Two SP-D molecules, two different published images, two different image processing programs, 6 different signal processing functions

Two SP-D molecules, two different published images, two different image processing programs, 6 different signal processing functions — an attempt to see whether apps and image resolution cause huge differences in brightness peak determination using tracings through the middle of an AFM image, traced from N to CRD (in that direction, left to right, 1px line using ImageJ).

The summary below does not distinguish between signal processing apps…. the 6 different peak finding apps are summed into one value with the image processing filters. There is an N of 4 (two molecules, one set, trimers, 6, 7, 15, 16 with  no processing, and one set (the same 2 molecules filtered with a gaussian blur (trimer 6 and 7, gaussian blur 5px — trimer 15 and 16 gaussian blur 2px). The no processing image was lower resolution, the second set was an image at higher resolution.  Both sets were plotted for brightness peaks.

The two trimers are seen below.  A total of 48 peak finding plots, 6 plots each trimer with no-processing, 6 plots each trimer with gaussian blur filtering.  Trimer 6 and 15 are the same molecule, different images, as are trimers 7 and 16 the same molecule, different images.

In the summary below, data for the same molecule  were combined (6, and higher res duplicate 15)( 7 and higher res duplicate aka 16). Two categories of image processing (no processing, and gaussian blur) were applied.  Both molecules traced with “no processing” showed higher peak numbers (likely due to greater pixelation of the images. Gaussian blur even when sparingly applied decreased peak number.

However the mean of the group (7.98) is supports the idea that there are 8 peaks per trimer. This is what has been seen consistently using all 6 signal processing functions (all at the same settings) for peak finding.

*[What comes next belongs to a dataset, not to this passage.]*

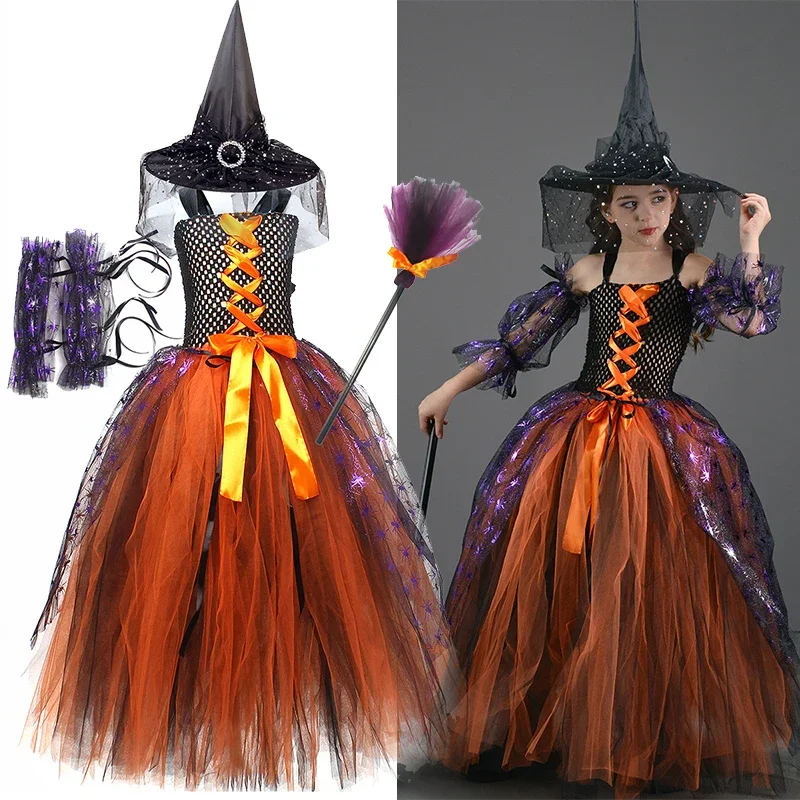 Halloween Witch Cosplay Girl Costume Dark Gothic Elegant Kids Evil Queen Gown Tutu Dress with Headband Broom Vampire Dresses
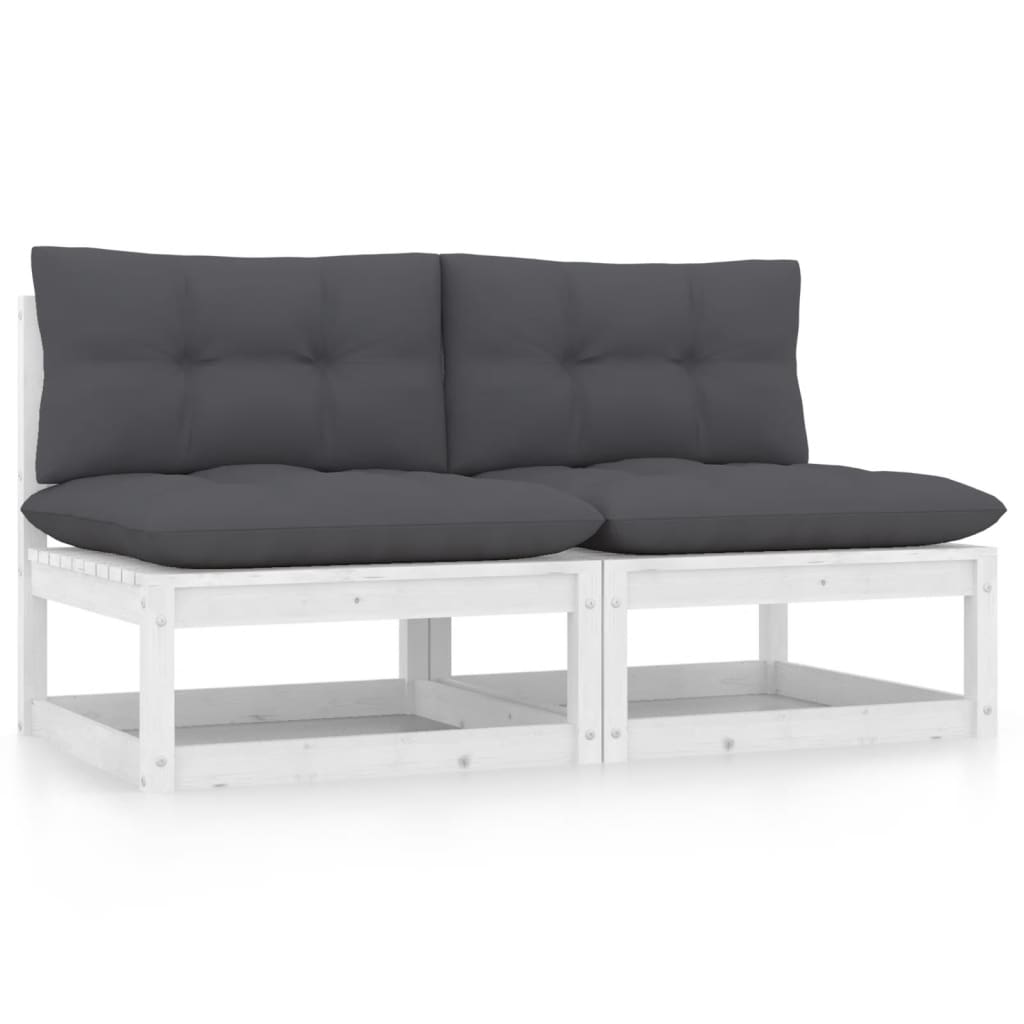 Patio Middle Sofas with Anthracite Cushions 2 pcs Solid Wood Pine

Parallel plots of a trimer of SP-D, AFM and shadowed TEM

Parallel plots of a trimer of SP-D, AFM and shadowed TEM, took me about three seconds to pick two arms of SP-D, one from an AFM image one from a shadowed TEM image. No problem seeing similarities, the similarities in peaks were immediately apparent and similarities were pretty striking.  Even though the shadowed images have that typical lumpy background and it is a little difficult to ‘swallow’ the possibility of there being structural information in both images that confirm the number of peaks in a trimer of SP-D i think the evidence might be substantiated with more samples.  Is is very clear that there are many more than the reported 3 peaks along the AFM and the shadowed images. The three known peaks ( N termini junction, glycosylation peak(s) and the CRD peaks).

Images were adjusted so that these “cropped out trimers” have the N terminus peak on the left, CRD peak(s) on the right and a grayscale plot was made to compare peak heights widths valleys, and of course peak number. Top image AFM, bottom shadowed TEM.  In the two trimers below the N terminus peak is very bright since I cropped the trimers from dodecamers.

The difference between the top AFM image and the bottom that is immediately noticeable is (and confirmed in other plots) is that the trimer in the AFM is glycosylated, so next to the N peak on the left, the bright peak is the glycosylation peak.  The SP-D used for cropping out a trimer for the bottom part (shades of gray) of the shadowed image has not been shown to be glycosylated, so a glycosylation peak is not expected…… therefore that bright spot in the AFM denoting glycosylation is NOT more a “low peak”. Other peaks along the respective plots are very similar.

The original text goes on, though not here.